All the entries that follow are to be returned exactly.

BEGIN DATA TO USE

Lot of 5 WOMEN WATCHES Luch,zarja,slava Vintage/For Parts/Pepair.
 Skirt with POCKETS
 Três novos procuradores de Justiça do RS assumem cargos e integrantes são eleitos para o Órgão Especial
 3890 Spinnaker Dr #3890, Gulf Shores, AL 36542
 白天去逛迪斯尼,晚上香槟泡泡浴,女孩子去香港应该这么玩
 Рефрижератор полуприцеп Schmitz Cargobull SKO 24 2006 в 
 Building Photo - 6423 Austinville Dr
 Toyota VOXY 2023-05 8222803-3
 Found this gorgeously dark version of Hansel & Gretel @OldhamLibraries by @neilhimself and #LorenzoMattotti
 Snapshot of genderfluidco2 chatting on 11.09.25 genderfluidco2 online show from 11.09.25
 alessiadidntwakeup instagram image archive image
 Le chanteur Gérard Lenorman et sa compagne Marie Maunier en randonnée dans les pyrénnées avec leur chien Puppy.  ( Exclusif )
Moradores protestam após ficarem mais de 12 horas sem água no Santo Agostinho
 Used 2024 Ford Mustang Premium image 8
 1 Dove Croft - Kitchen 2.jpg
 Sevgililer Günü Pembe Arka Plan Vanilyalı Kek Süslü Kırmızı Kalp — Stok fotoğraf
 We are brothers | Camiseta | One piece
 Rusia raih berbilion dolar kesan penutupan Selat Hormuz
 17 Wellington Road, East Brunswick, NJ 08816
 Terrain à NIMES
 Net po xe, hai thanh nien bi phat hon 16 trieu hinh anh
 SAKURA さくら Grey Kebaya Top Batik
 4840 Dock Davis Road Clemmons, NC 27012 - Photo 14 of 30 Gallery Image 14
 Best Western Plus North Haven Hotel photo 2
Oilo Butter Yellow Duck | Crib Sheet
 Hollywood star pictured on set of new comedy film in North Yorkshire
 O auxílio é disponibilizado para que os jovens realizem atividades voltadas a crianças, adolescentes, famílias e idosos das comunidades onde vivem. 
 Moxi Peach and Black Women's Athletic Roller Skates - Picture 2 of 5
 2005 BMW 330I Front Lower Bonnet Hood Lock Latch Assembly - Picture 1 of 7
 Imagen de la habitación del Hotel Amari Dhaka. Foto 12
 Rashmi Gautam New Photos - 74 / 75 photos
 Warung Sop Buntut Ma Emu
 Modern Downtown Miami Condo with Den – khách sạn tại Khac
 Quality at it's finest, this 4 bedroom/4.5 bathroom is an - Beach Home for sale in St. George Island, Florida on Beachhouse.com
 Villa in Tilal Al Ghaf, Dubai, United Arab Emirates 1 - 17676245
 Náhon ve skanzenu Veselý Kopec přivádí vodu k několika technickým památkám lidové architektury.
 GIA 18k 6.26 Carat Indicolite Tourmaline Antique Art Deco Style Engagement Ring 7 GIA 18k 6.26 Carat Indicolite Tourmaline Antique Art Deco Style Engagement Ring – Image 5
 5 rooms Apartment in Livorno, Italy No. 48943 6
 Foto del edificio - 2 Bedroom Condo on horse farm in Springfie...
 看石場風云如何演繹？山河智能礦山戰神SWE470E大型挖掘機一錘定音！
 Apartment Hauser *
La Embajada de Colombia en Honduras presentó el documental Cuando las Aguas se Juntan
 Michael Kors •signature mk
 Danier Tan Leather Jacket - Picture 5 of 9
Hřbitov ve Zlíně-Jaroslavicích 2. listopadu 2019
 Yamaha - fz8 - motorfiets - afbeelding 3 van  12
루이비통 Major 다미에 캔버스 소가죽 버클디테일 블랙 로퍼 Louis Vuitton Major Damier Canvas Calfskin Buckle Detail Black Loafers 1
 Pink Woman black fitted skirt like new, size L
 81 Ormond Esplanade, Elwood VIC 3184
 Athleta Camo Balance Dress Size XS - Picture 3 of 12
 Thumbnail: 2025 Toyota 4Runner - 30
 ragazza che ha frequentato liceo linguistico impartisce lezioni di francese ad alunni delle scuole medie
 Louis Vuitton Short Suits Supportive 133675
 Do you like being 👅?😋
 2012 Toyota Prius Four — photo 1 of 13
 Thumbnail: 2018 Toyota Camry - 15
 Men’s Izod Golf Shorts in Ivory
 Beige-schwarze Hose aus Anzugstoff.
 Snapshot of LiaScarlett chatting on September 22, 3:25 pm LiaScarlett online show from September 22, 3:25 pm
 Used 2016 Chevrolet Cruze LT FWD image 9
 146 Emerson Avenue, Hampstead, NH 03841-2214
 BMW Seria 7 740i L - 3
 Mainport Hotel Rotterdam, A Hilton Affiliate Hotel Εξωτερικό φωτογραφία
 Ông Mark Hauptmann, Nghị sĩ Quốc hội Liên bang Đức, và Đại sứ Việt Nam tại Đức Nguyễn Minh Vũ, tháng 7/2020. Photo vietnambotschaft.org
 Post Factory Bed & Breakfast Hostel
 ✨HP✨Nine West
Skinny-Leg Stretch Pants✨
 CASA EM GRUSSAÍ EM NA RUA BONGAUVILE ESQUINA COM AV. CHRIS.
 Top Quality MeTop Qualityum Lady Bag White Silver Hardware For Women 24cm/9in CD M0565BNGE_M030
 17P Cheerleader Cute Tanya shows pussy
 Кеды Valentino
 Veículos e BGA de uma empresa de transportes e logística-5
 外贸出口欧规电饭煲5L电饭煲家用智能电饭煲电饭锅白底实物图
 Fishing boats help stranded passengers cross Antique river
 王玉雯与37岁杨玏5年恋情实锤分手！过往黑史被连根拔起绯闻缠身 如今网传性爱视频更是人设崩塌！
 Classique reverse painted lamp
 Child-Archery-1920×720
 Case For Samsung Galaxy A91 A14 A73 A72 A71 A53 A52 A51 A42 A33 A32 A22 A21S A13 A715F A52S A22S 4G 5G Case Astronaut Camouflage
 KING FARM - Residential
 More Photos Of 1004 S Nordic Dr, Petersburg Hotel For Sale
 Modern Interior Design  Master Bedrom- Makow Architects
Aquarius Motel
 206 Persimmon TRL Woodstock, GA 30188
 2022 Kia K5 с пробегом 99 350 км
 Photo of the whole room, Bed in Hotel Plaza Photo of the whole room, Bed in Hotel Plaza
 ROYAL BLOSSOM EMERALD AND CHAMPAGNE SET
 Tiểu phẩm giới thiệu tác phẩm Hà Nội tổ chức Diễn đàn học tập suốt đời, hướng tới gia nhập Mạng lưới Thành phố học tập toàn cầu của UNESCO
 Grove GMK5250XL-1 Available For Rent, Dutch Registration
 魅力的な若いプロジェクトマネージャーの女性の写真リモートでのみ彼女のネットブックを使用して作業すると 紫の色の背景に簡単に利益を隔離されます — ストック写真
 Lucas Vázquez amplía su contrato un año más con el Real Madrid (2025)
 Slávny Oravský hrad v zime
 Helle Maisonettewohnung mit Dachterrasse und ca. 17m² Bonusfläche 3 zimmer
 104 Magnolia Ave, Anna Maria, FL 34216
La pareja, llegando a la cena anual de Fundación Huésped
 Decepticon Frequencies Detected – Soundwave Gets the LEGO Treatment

END DATA TO USE

§ SOLUTION
Lot of 5 WOMEN WATCHES Luch,zarja,slava Vintage/For Parts/Pepair.
 Skirt with POCKETS
 Três novos procuradores de Justiça do RS assumem cargos e integrantes são eleitos para o Órgão Especial
 3890 Spinnaker Dr #3890, Gulf Shores, AL 36542
 白天去逛迪斯尼,晚上香槟泡泡浴,女孩子去香港应该这么玩
 Рефрижератор полуприцеп Schmitz Cargobull SKO 24 2006 в 
 Building Photo - 6423 Austinville Dr
 Toyota VOXY 2023-05 8222803-3
 Found this gorgeously dark version of Hansel & Gretel @OldhamLibraries by @neilhimself and #LorenzoMattotti
 Snapshot of genderfluidco2 chatting on 11.09.25 genderfluidco2 online show from 11.09.25
 alessiadidntwakeup instagram image archive image
 Le chanteur Gérard Lenorman et sa compagne Marie Maunier en randonnée dans les pyrénnées avec leur chien Puppy.  ( Exclusif )
Moradores protestam após ficarem mais de 12 horas sem água no Santo Agostinho
 Used 2024 Ford Mustang Premium image 8
 1 Dove Croft - Kitchen 2.jpg
 Sevgililer Günü Pembe Arka Plan Vanilyalı Kek Süslü Kırmızı Kalp — Stok fotoğraf
 We are brothers | Camiseta | One piece
 Rusia raih berbilion dolar kesan penutupan Selat Hormuz
 17 Wellington Road, East Brunswick, NJ 08816
 Terrain à NIMES
 Net po xe, hai thanh nien bi phat hon 16 trieu hinh anh
 SAKURA さくら Grey Kebaya Top Batik
 4840 Dock Davis Road Clemmons, NC 27012 - Photo 14 of 30 Gallery Image 14
 Best Western Plus North Haven Hotel photo 2
Oilo Butter Yellow Duck | Crib Sheet
 Hollywood star pictured on set of new comedy film in North Yorkshire
 O auxílio é disponibilizado para que os jovens realizem atividades voltadas a crianças, adolescentes, famílias e idosos das comunidades onde vivem. 
 Moxi Peach and Black Women's Athletic Roller Skates - Picture 2 of 5
 2005 BMW 330I Front Lower Bonnet Hood Lock Latch Assembly - Picture 1 of 7
 Imagen de la habitación del Hotel Amari Dhaka. Foto 12
 Rashmi Gautam New Photos - 74 / 75 photos
 Warung Sop Buntut Ma Emu
 Modern Downtown Miami Condo with Den – khách sạn tại Khac
 Quality at it's finest, this 4 bedroom/4.5 bathroom is an - Beach Home for sale in St. George Island, Florida on Beachhouse.com
 Villa in Tilal Al Ghaf, Dubai, United Arab Emirates 1 - 17676245
 Náhon ve skanzenu Veselý Kopec přivádí vodu k několika technickým památkám lidové architektury.
 GIA 18k 6.26 Carat Indicolite Tourmaline Antique Art Deco Style Engagement Ring 7 GIA 18k 6.26 Carat Indicolite Tourmaline Antique Art Deco Style Engagement Ring – Image 5
 5 rooms Apartment in Livorno, Italy No. 48943 6
 Foto del edificio - 2 Bedroom Condo on horse farm in Springfie...
 看石場風云如何演繹？山河智能礦山戰神SWE470E大型挖掘機一錘定音！
 Apartment Hauser *
La Embajada de Colombia en Honduras presentó el documental Cuando las Aguas se Juntan
 Michael Kors •signature mk
 Danier Tan Leather Jacket - Picture 5 of 9
Hřbitov ve Zlíně-Jaroslavicích 2. listopadu 2019
 Yamaha - fz8 - motorfiets - afbeelding 3 van  12
루이비통 Major 다미에 캔버스 소가죽 버클디테일 블랙 로퍼 Louis Vuitton Major Damier Canvas Calfskin Buckle Detail Black Loafers 1
 Pink Woman black fitted skirt like new, size L
 81 Ormond Esplanade, Elwood VIC 3184
 Athleta Camo Balance Dress Size XS - Picture 3 of 12
 Thumbnail: 2025 Toyota 4Runner - 30
 ragazza che ha frequentato liceo linguistico impartisce lezioni di francese ad alunni delle scuole medie
 Louis Vuitton Short Suits Supportive 133675
 Do you like being 👅?😋
 2012 Toyota Prius Four — photo 1 of 13
 Thumbnail: 2018 Toyota Camry - 15
 Men’s Izod Golf Shorts in Ivory
 Beige-schwarze Hose aus Anzugstoff.
 Snapshot of LiaScarlett chatting on September 22, 3:25 pm LiaScarlett online show from September 22, 3:25 pm
 Used 2016 Chevrolet Cruze LT FWD image 9
 146 Emerson Avenue, Hampstead, NH 03841-2214
 BMW Seria 7 740i L - 3
 Mainport Hotel Rotterdam, A Hilton Affiliate Hotel Εξωτερικό φωτογραφία
 Ông Mark Hauptmann, Nghị sĩ Quốc hội Liên bang Đức, và Đại sứ Việt Nam tại Đức Nguyễn Minh Vũ, tháng 7/2020. Photo vietnambotschaft.org
 Post Factory Bed & Breakfast Hostel
 ✨HP✨Nine West
Skinny-Leg Stretch Pants✨
 CASA EM GRUSSAÍ EM NA RUA BONGAUVILE ESQUINA COM AV. CHRIS.
 Top Quality MeTop Qualityum Lady Bag White Silver Hardware For Women 24cm/9in CD M0565BNGE_M030
 17P Cheerleader Cute Tanya shows pussy
 Кеды Valentino
 Veículos e BGA de uma empresa de transportes e logística-5
 外贸出口欧规电饭煲5L电饭煲家用智能电饭煲电饭锅白底实物图
 Fishing boats help stranded passengers cross Antique river
 王玉雯与37岁杨玏5年恋情实锤分手！过往黑史被连根拔起绯闻缠身 如今网传性爱视频更是人设崩塌！
 Classique reverse painted lamp
 Child-Archery-1920×720
 Case For Samsung Galaxy A91 A14 A73 A72 A71 A53 A52 A51 A42 A33 A32 A22 A21S A13 A715F A52S A22S 4G 5G Case Astronaut Camouflage
 KING FARM - Residential
 More Photos Of 1004 S Nordic Dr, Petersburg Hotel For Sale
 Modern Interior Design  Master Bedrom- Makow Architects
Aquarius Motel
 206 Persimmon TRL Woodstock, GA 30188
 2022 Kia K5 с пробегом 99 350 км
 Photo of the whole room, Bed in Hotel Plaza Photo of the whole room, Bed in Hotel Plaza
 ROYAL BLOSSOM EMERALD AND CHAMPAGNE SET
 Tiểu phẩm giới thiệu tác phẩm Hà Nội tổ chức Diễn đàn học tập suốt đời, hướng tới gia nhập Mạng lưới Thành phố học tập toàn cầu của UNESCO
 Grove GMK5250XL-1 Available For Rent, Dutch Registration
 魅力的な若いプロジェクトマネージャーの女性の写真リモートでのみ彼女のネットブックを使用して作業すると 紫の色の背景に簡単に利益を隔離されます — ストック写真
 Lucas Vázquez amplía su contrato un año más con el Real Madrid (2025)
 Slávny Oravský hrad v zime
 Helle Maisonettewohnung mit Dachterrasse und ca. 17m² Bonusfläche 3 zimmer
 104 Magnolia Ave, Anna Maria, FL 34216
La pareja, llegando a la cena anual de Fundación Huésped
 Decepticon Frequencies Detected – Soundwave Gets the LEGO Treatment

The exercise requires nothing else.